Pangsa pasar keuangan syariah tentu sangat minim jika dibandingkan dengan konsumen yang mencapai 200 juta orang lebih. Sehingga bisa dipahami jika perbankan syariah belum mampu menjadi penggerak ekonomi.
“Dengan membandingkan dengan pengalaman negara lain, ketika pangsa pasar bank syariah lebih dari 10 persen, baru dapat menjadi penggerak perekonomian. Setidaknya hal ini terlihat di Malaysia dengan pangsa pasar 24 persen,” kata Dhani.
Perbankan syariah di Malaysia sangat mendominasi pasar sukuk di negara jiran itu, bahkan bisa sampai mendikte pasar obligasi syariah di sana. Sementara itu, di Uni Emirat Arab pangsa pasarnya sudah lebih dari 16 persen dengan yang mendominasi pembiayaan sektor properti di negara Timur Tengah itu. 
“Kita ingin industri syariah lebih besar sehingga dapat menjadi penggerak sektor perekonomian nasional. Secara aset dan instrumennya harus lebih didorong agar semakin luas dan dalam. Koordinasi dengan pemerintah harus lebih baik (terutama) untuk penggunaan dana-dana pemerintah ke segmen syariah,” kata Dhani.
OJK –yang mengambil alih fungsi pengawasan dari Bank Indonesia sejak Januari 2014–tentu  menginginkan adanya perubahan signifikan pada industri perbankan syariah ketika berada di bawah mereka. Bahkan otoritas sudah menyiapkan segudang strategi untuk membuat industri syariah menjadi penggerak ekonomi.
Bulan ini OJK akan menerbitkan dua aturan yaitu terkait produk dan aktivitas perbankan syariah dan soal kelembagaan Badan Pembiayaan Rakyat Syariah (BPRS). Beleid soal produk akan memudahkan bank syariah dalam menerbitkan produk-produk. Selain itu, OJK juga akan menerbitkan kodifikasi produk perbankan syariah yang dipercaya akan mendorong kreativitas pelaku industri dalam menciptakan produk.
Saat ini industri perbankan syariah di Indonesia ‘hanya’ memiliki 17 produk, kalah jauh jika dibandingkan dengan Malaysia yang sudah memiliki lebih dari 40 produk.
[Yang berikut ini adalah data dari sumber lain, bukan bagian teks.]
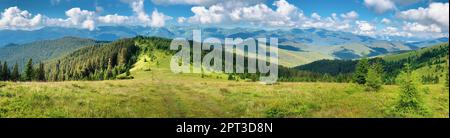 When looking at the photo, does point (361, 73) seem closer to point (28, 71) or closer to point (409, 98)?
point (409, 98)

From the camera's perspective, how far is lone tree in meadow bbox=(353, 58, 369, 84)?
171 feet

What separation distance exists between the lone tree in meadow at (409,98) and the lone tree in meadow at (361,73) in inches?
848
Apalagi jika dibandingkan Qatar, Uni Emirat Arab atau bahkan Pakistan dan Inggris.
“Setelah POJK keluar, nantinya bank syariah akan lebih mudah menerbitkan produk, tinggal lapor saja (ke OJK) jika produknya sudah siap,” kata Dhani.
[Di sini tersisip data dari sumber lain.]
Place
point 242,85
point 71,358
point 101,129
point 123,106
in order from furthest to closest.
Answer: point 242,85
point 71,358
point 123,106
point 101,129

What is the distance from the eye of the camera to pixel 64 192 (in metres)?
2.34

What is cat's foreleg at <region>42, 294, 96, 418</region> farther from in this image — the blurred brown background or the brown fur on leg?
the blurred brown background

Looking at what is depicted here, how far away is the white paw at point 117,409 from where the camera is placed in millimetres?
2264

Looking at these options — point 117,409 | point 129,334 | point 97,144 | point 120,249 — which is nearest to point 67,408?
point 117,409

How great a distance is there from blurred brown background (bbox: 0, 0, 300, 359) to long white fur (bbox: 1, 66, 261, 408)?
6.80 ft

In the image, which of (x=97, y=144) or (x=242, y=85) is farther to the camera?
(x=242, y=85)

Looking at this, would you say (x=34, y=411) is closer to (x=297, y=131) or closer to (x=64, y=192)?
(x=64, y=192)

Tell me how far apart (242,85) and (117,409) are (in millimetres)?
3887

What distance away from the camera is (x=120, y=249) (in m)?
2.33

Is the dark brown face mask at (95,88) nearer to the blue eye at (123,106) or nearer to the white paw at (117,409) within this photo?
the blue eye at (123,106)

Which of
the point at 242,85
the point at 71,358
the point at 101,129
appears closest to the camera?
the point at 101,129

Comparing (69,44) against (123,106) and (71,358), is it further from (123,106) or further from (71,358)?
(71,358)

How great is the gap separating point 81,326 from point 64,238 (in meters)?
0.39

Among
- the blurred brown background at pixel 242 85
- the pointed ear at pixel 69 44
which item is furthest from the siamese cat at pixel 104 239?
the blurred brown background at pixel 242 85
Soal kelembagaan BPRS, seperti juga BPR konvensional, otoritas diperkirakan akan membuat aturan permodalan yang ketat sebagaimana bank umum dengan menggunakan jumlah modal untuk menentukan jenis kegiatan usaha atau BUKU.

Holding Syariah
Rencana besar lainnya dari OJK untuk mendongkrak pangsa pasar dan juga peran perbankan syariah terhadap ekonomi adalah dengan mendesak lagi konsolidasi bank-bank syariah milik bank negara menjadi sebuah bank umum syariah.
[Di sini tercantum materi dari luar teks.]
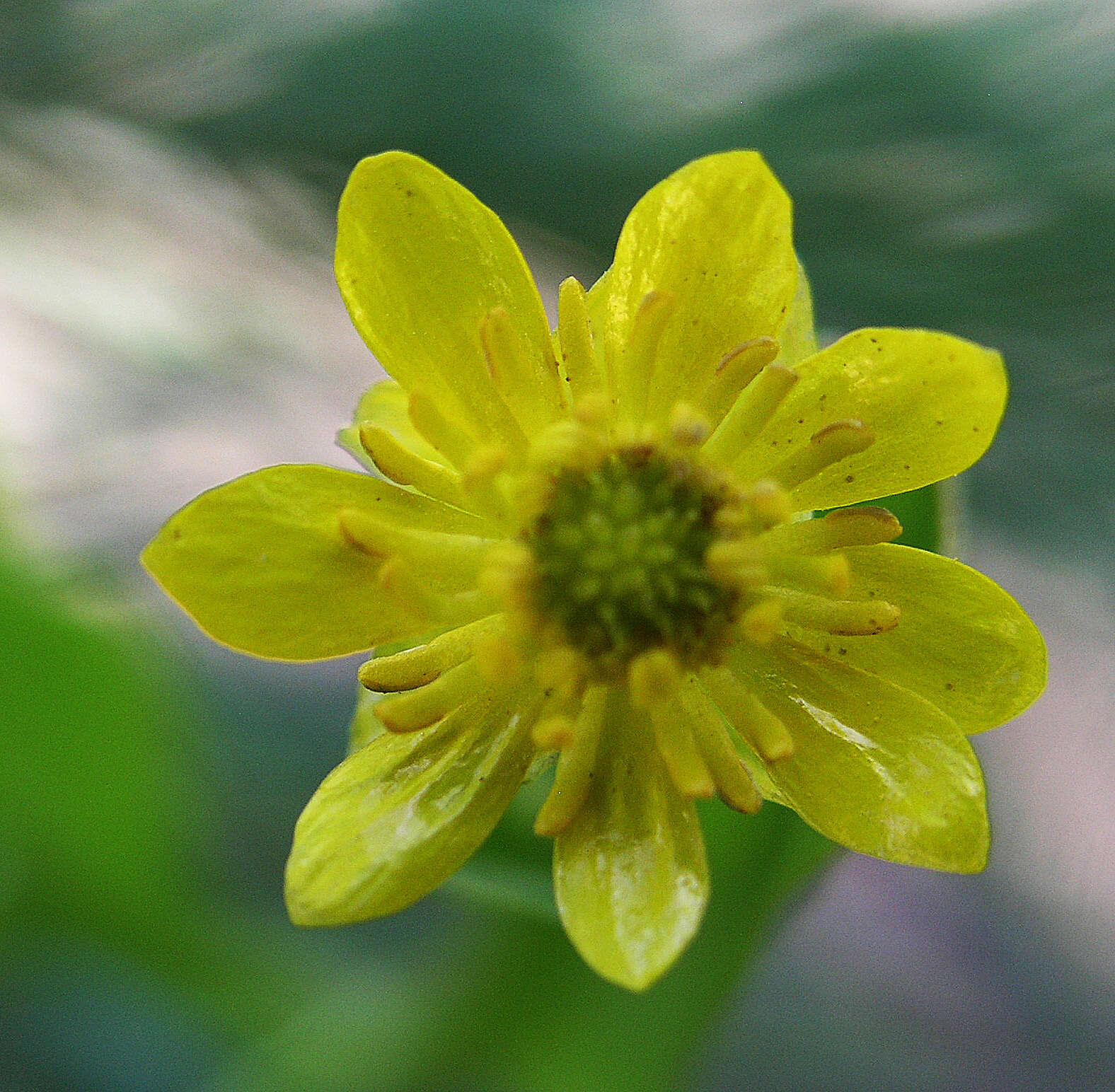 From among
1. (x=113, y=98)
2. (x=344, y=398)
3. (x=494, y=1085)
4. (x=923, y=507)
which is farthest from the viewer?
(x=113, y=98)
Saat ini, OJK tengah memfinalisasi roadmap holding bank BUMN syariah. Demi mempercepat proses merger,  OJK mengaku melakukan koorodinasi intensif dengan Kementrian BUMN. “Kami sudah beberapa kali menyurati Kementerian BUMN terkait dengan rencana pembentukan BUMN Syariah ini," kata Dhani.
Bahkan rencana menyatukan bank syariah pelat merah ini dimasukkan dalam Road Map Perbankan Syariah Indonesia (2015-2019) yang diterbitkan OJK Juni lalu. Berdasarkan peta jalan itu BNI Syariah, unit usaha syariah BTN, BRI Syariah dan Bank Syariah Mandiri (BSM) harus sudah menjadi bank umum paling lambat 2017. Dan merger tersebut harus diikuti dengan penambahan modal usaha, yang hal itu akan bisa dilakukan dengan penawaran saham perdana (IPO).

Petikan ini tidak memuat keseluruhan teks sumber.